■ Material provided ■
+++++

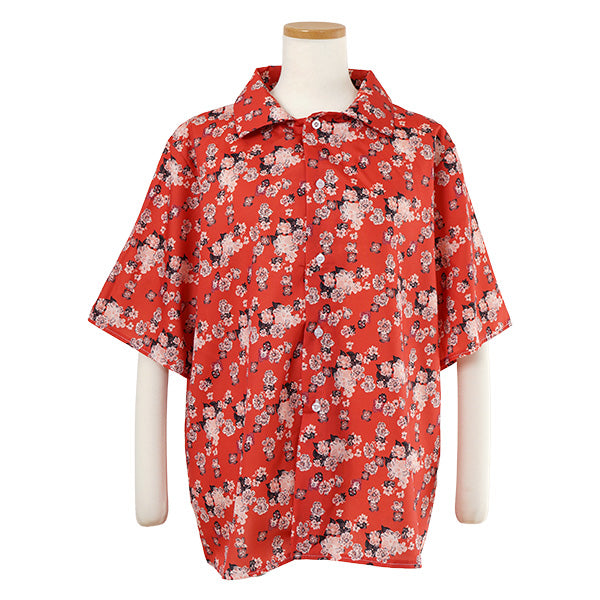 Little Devil Flower's Red Shirt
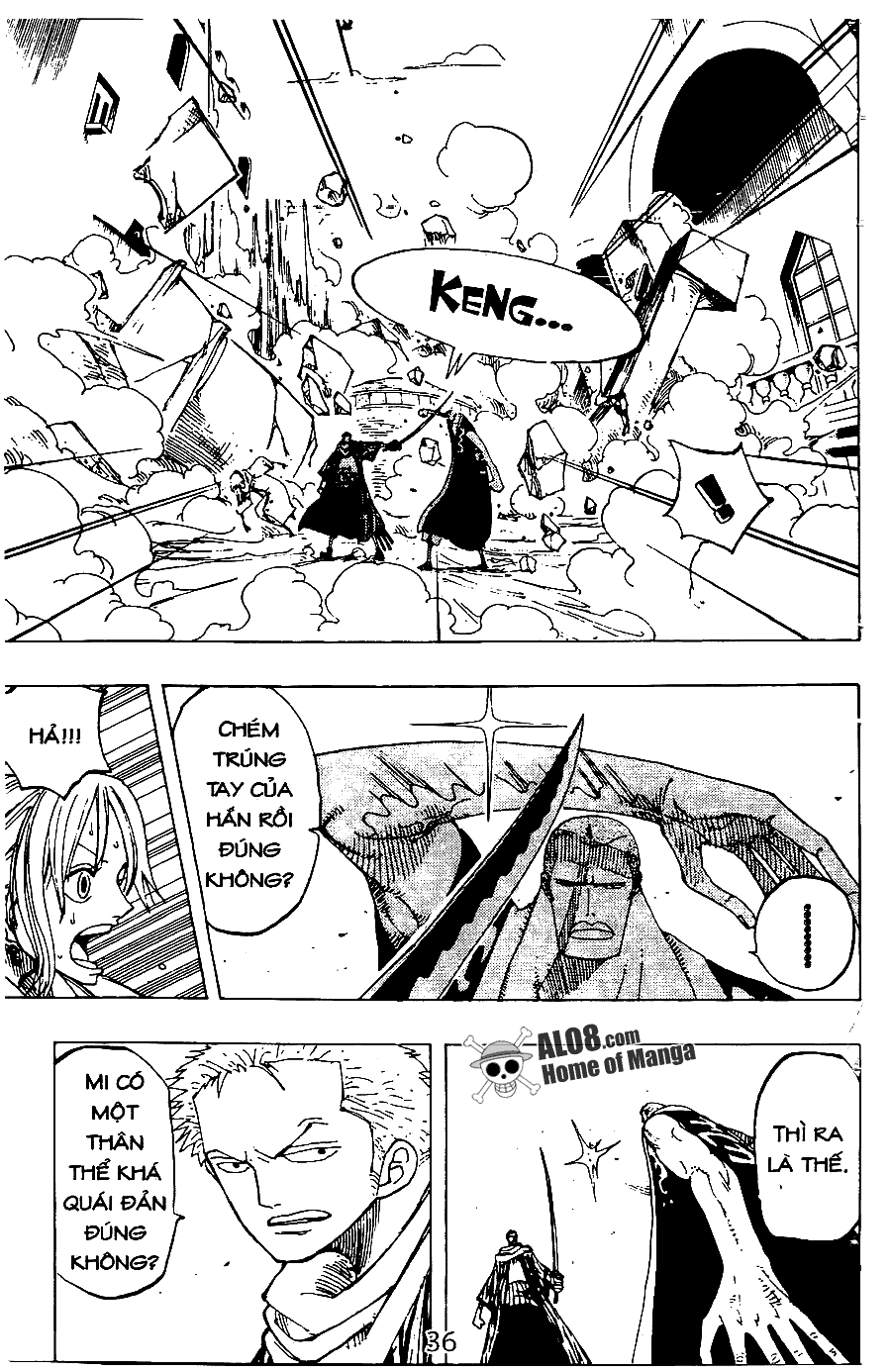 One Piece Tập 190 trang 7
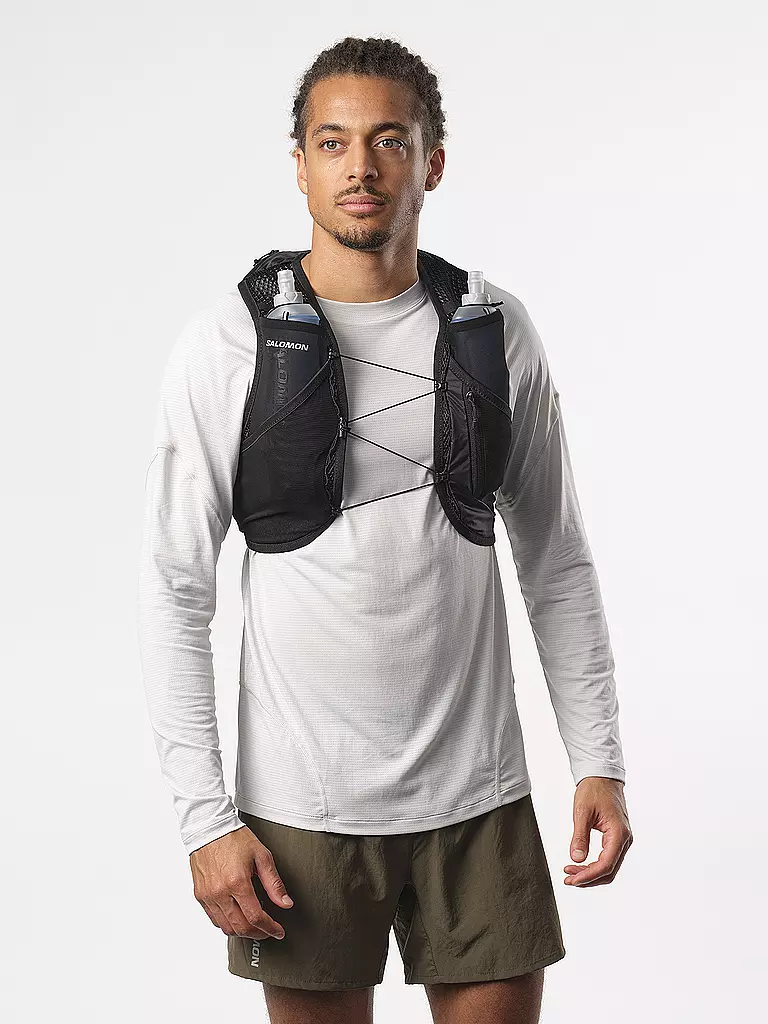 SALOMON | Trinkweste Active Skin 8 Set | schwarz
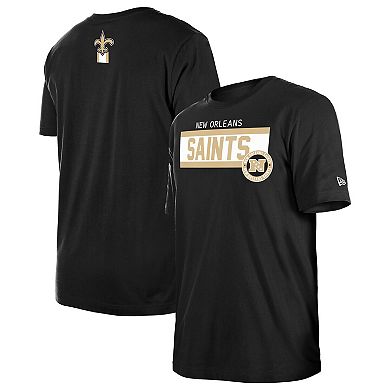 Men's New Era Black New Orleans Saints 3rd Down Domestic T-Shirt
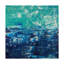 «Lithosphere Turquoise Blue» par Jurica, reproduction d'art sur toile tendue-26859552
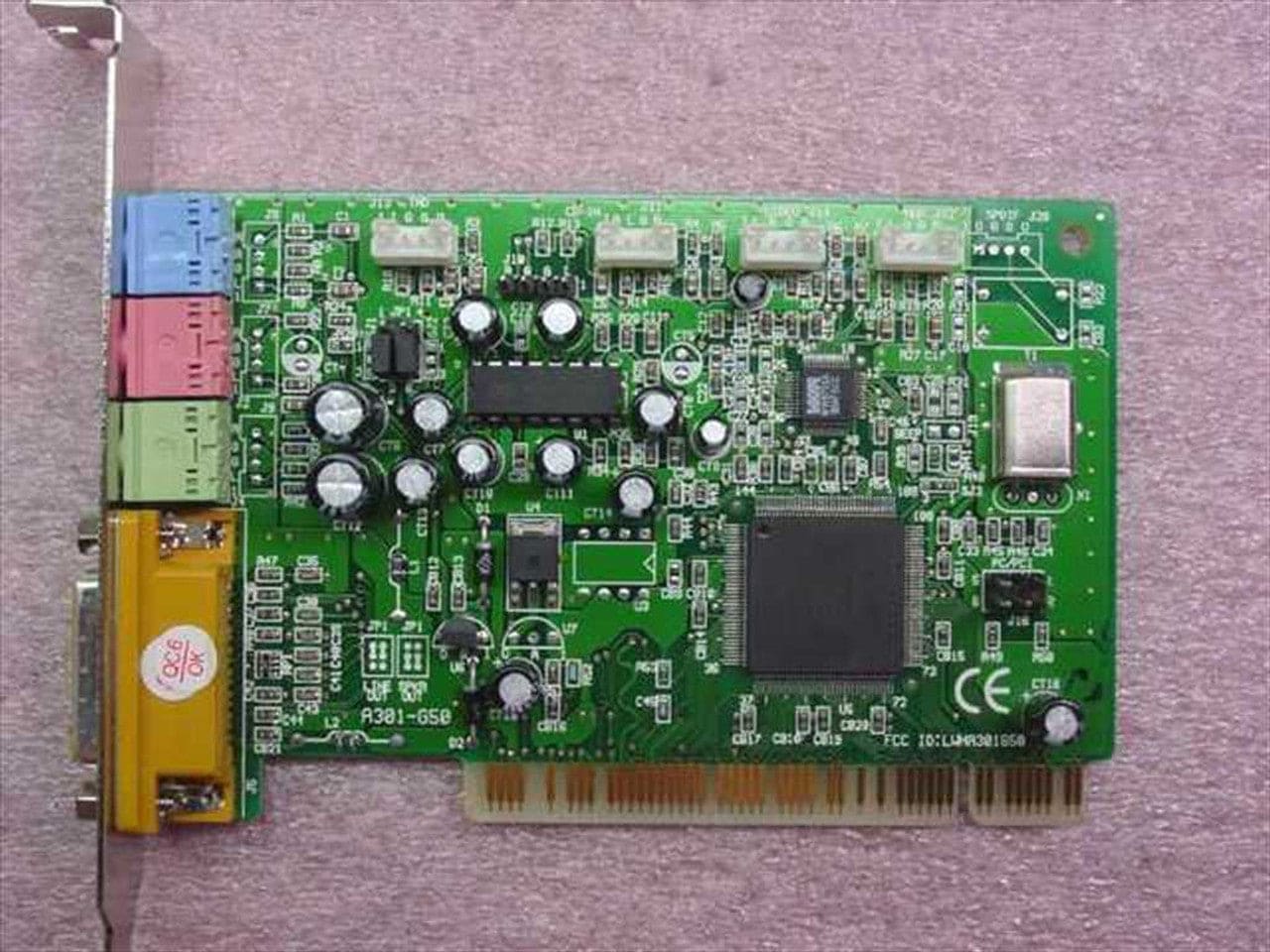 Yamaha A301-G50 Audio PCI Sound Card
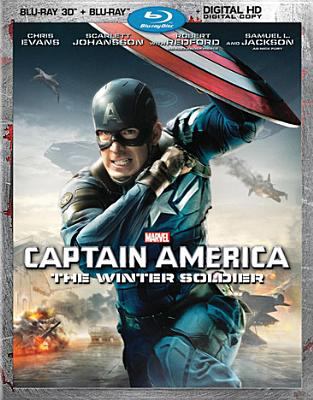 Captain America. The Winter Soldier [3D Blu-ray + Blu-ray combo] cover image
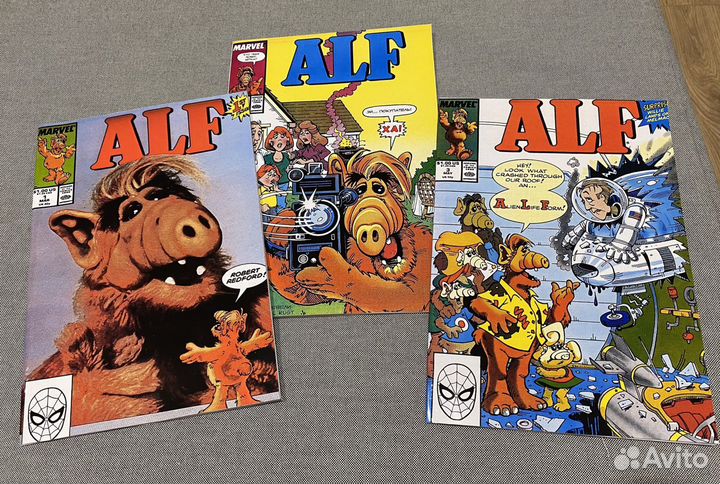 Комиксы Альф Alf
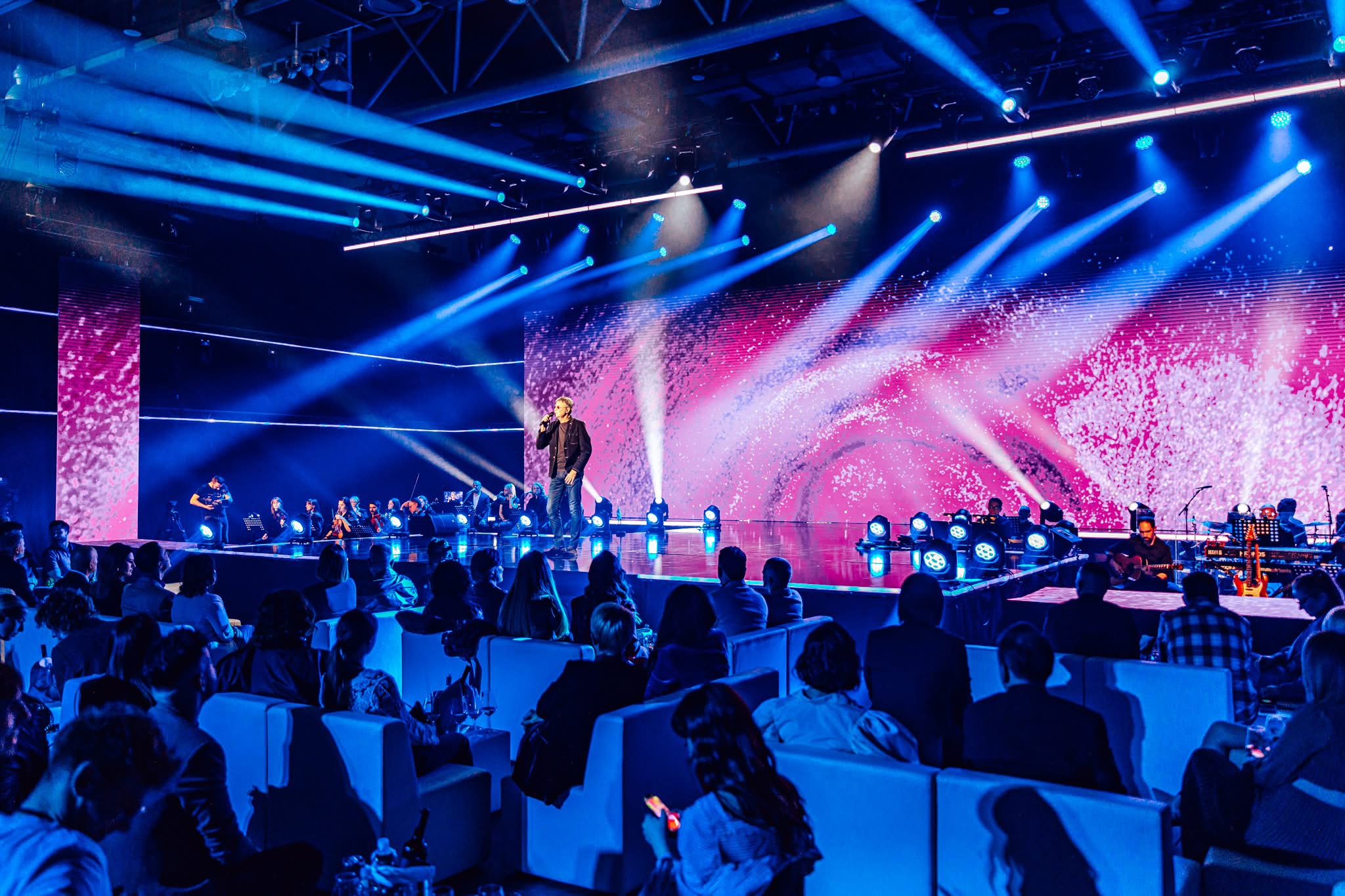 dizajn pozornice i event scenografija
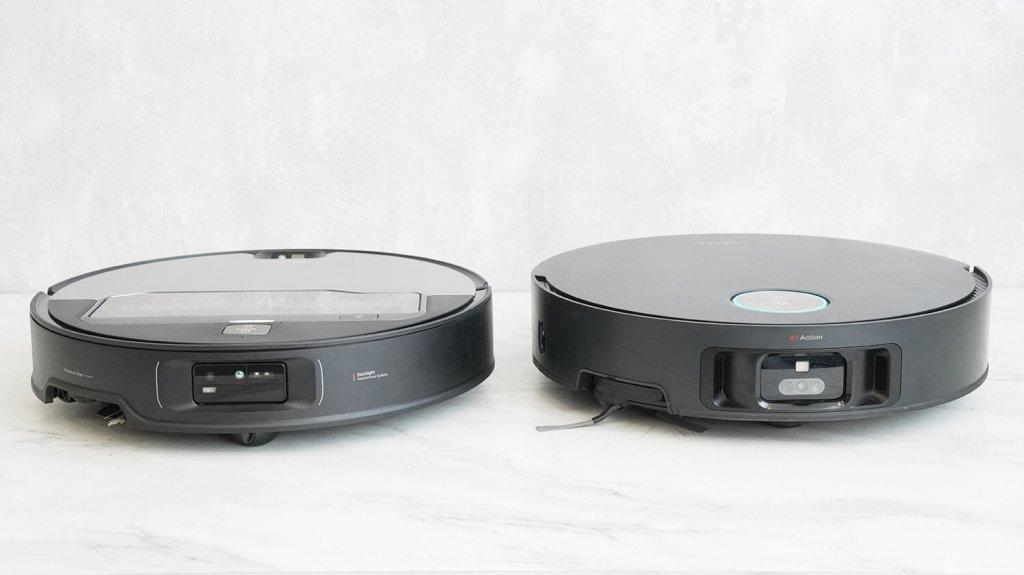 Roborock Saros Z70 ir Dreame X50 Ultra Complete: roboto išvaizda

+++++

■ Exercise requirements ■
The reply should consist only of the lines running from the one with "Комиксы Альф Alf" through the end of the material, both included, copied exactly; please omit pictures.

■ Final answer ■
 Комиксы Альф Alf
 dizajn pozornice i event scenografija
 Roborock Saros Z70 ir Dreame X50 Ultra Complete: roboto išvaizda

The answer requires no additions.